**Problem statement:** Without the images, reproduce every entry exactly.

**Items listed in a dataset:**
····················

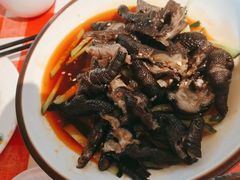 本地乌鸡无骨凤爪-琼大师东方烤乳猪(亚特兰蒂斯店)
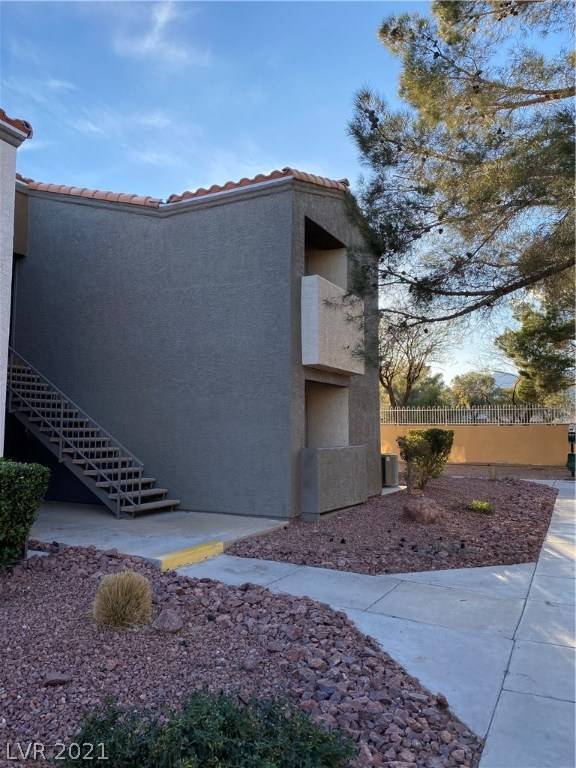 Las Vegas, NV 89128,3151 Soaring Gulls DR #2092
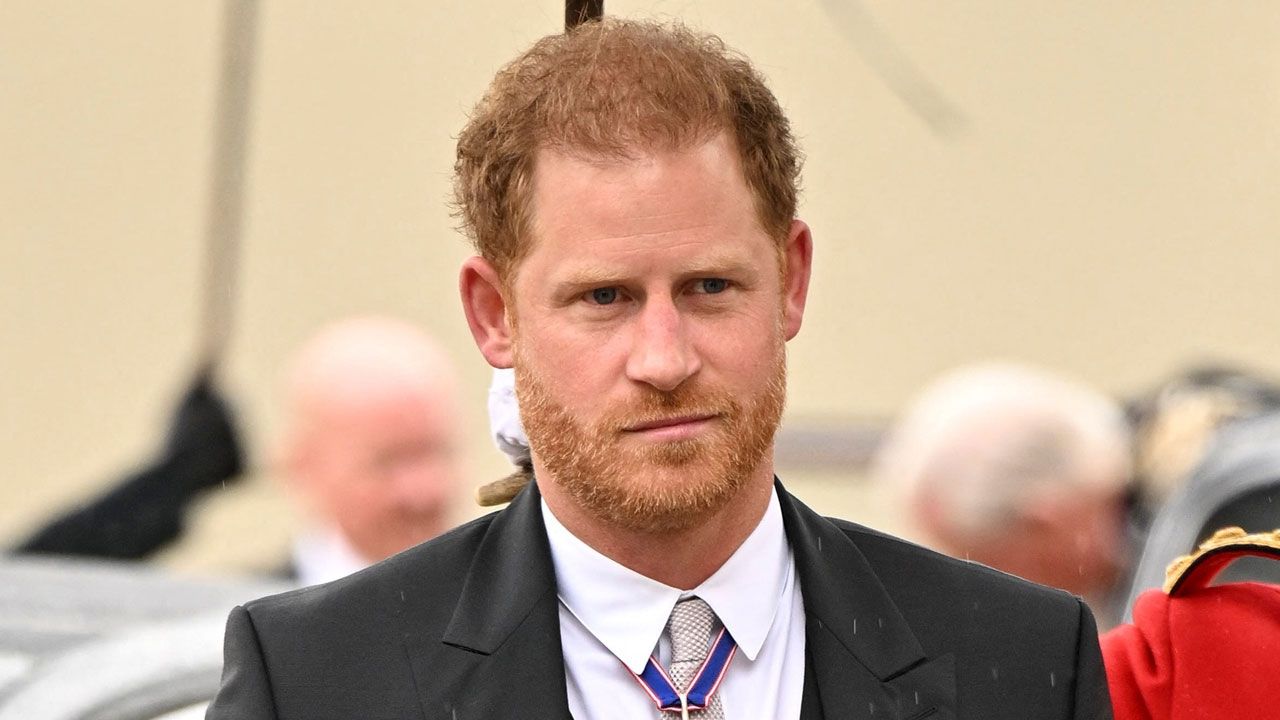 Daily Mirror' se Disculpa con el Príncipe Harry tras Juicio por Hackeo Telefónico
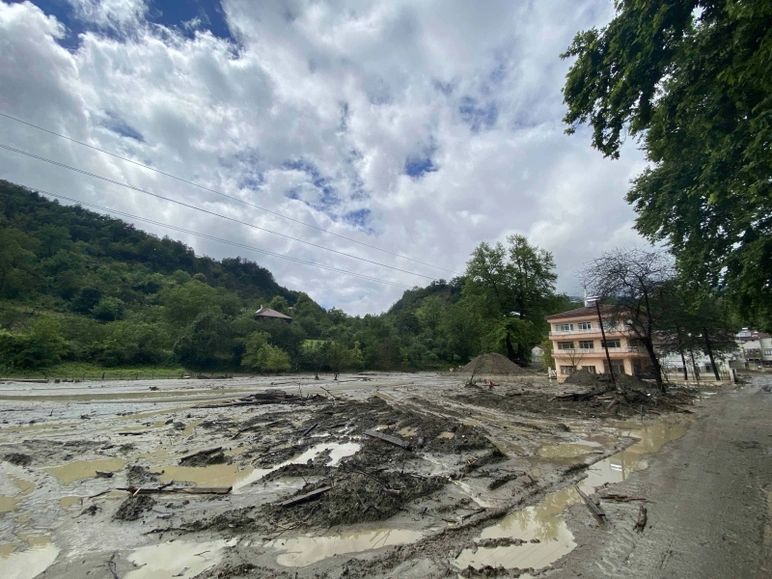 Batı Karadeniz sel felaketiyle boğuşuyor: 235 kişi tahliye edildi, 1 kişi kayıp! İşte il il son durum... 3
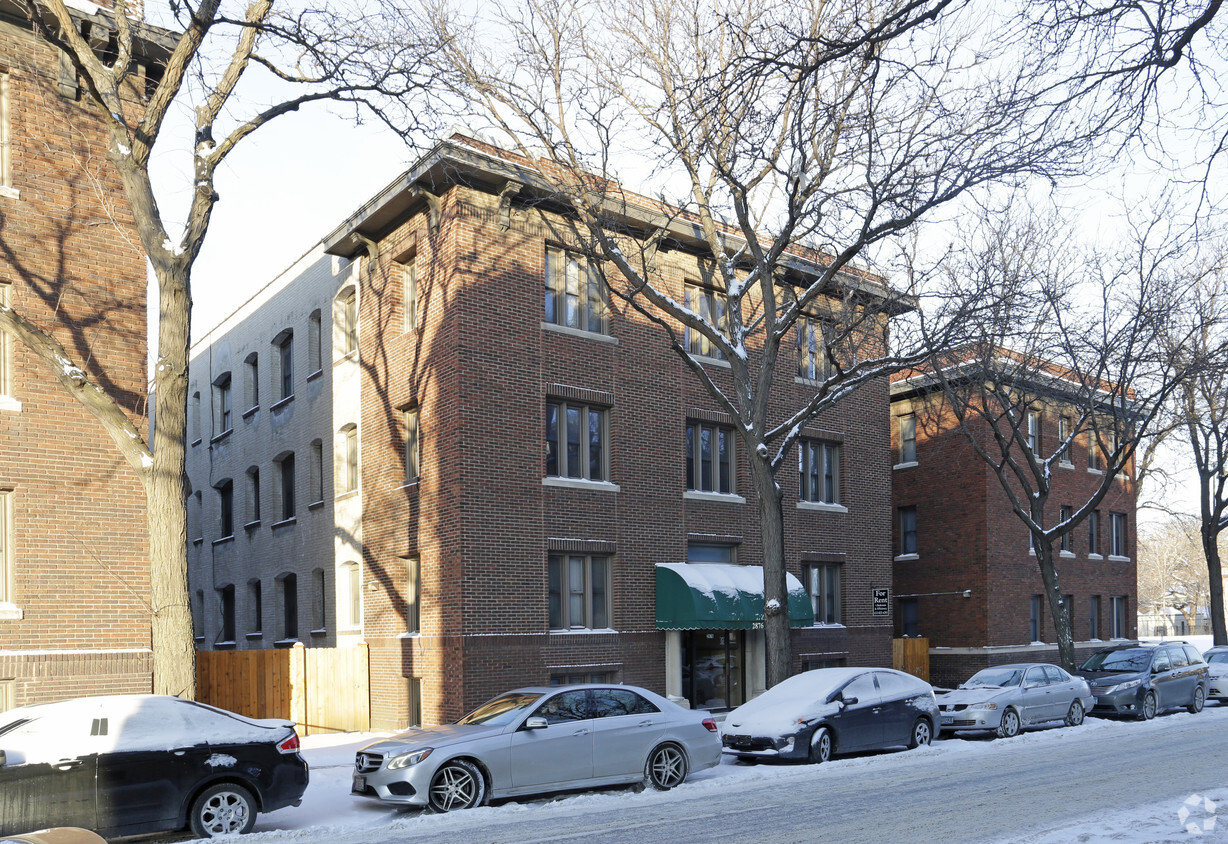 Primary Photo - 2876 Humboldt Ave S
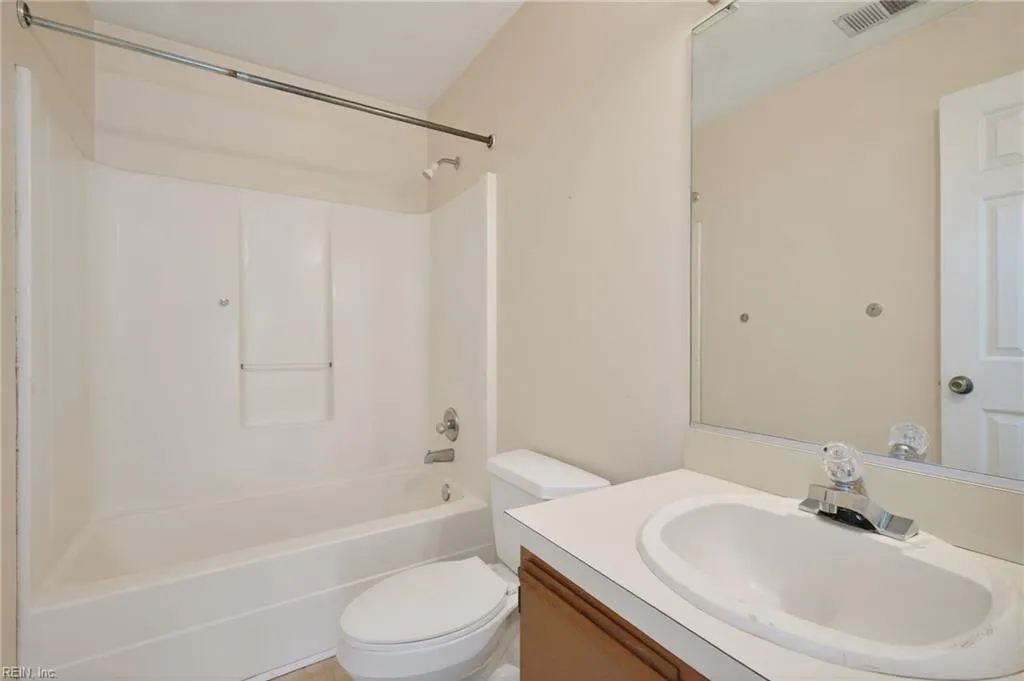 Virginia Beach, Virginia 23451, United States, 4 Bedrooms Bedrooms, ,4 BathroomsBathrooms,Residential,Active,257612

····················

**Answer for the task:**
 本地乌鸡无骨凤爪-琼大师东方烤乳猪(亚特兰蒂斯店)
 Las Vegas, NV 89128,3151 Soaring Gulls DR #2092
 Daily Mirror' se Disculpa con el Príncipe Harry tras Juicio por Hackeo Telefónico
 Batı Karadeniz sel felaketiyle boğuşuyor: 235 kişi tahliye edildi, 1 kişi kayıp! İşte il il son durum... 3
 Primary Photo - 2876 Humboldt Ave S
 Virginia Beach, Virginia 23451, United States, 4 Bedrooms Bedrooms, ,4 BathroomsBathrooms,Residential,Active,257612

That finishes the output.